Out Where the West Begins
A new boxed DVD set examines the history of the West in films
Westerns were ubiquitous when I was growing up. On television and radio, in movie theaters, even at birthday parties, cowboys and their ilk ruled over everyone else. We couldn’t tell at the time, but it was the beginning of the end of Westerns’ cultural dominance.
You can trace that dominance back to the 17th century, when for young colonials the frontier signified everything from an evil unknown to a chance for a fresh start. Into the 19th century, James Fenimore Cooper, the Hudson River School and Manifest Destiny all pointed to what would become the defining characteristics of Westerns.
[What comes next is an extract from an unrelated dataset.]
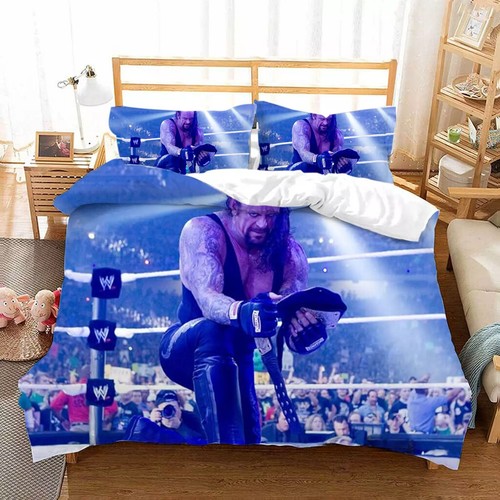 Professional wrestling wwe - professional,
We went West to find ourselves, to erase our past, to escape the law. We discovered a world of mountains and deserts, mysterious cultures, and stark moral choices. The genre became so popular in part because it was so adaptable, because it could address the central issues facing the nation. In Westerns, right and wrong could be cut-and-dried or ambiguous; Native Americans, enemies or victims; law, a matter of principle or an untenable burden.
From its earliest days, cinema turned to the West. In the 1800s, the Edison Studio filmed Annie Oakley and other stars of Wild West shows. The country’s first bona fide blockbuster, The Great Train Robbery (1903), was a Western, albeit one filmed in New Jersey. Some of the industry’s best directors started out making low-budget Westerns. John Ford for one, but also Victor Fleming, William Wellman, and even William Wyler. By the 1920s, every major Hollywood concern relied on the income from Westerns, and the genre later helped studios like Universal survive the Great Depression.
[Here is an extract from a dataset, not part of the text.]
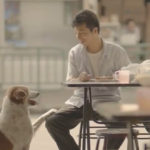 heartwarmingthaicommercial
We tend to forget that for early filmmakers, the West was still real and not yet a nostalgic fantasy. An exciting new DVD set from the National Film Preservation Foundation makes this vividly clear. With over 10 hours of material on 3 discs, Treasures 5: The West 1898–1938 provides an unparalleled look at how filmed helped shape our concepts of the frontier.
The forty films in the set range from newsreels to features, with travelogues, sponsored films, documentaries, and promotional movies all providing unexpected insights into Western life. You’ll see the first cowboy stars, like the winning Tom Mix, famous for performing his own stunts; as well the expert comedienne Mabel Normand and the “It” girl herself, Clara Bow. Directors include slapstick pioneer Mack Sennett, W.S. Van Dyke (The Thin Man), and Victor Fleming (Gone With the Wind).
Equally as intriguing are the set’s lesser known titles, like Romance of Water (1931), a government-sponsored short that in 10 minutes encapsulates the political background to the great 1970s film noir Chinatown. Or Last of the Line (1914), which finds Asian star Sessue Hayakawa battling Native-Americans. Personally, I loved travelogues promoting sightseeing spots like Yosemite National Park. The women and children in Beauty Spots in America: Castle Hot Springs, Arizona (1916) are unexpectedly and appealingly giddy at the prospect of riding ponies and diving into pools. Lake Tahoe, Land of the Sky (1916) still conveys the excitement travelers must have felt at encountering the area’s incredible vistas.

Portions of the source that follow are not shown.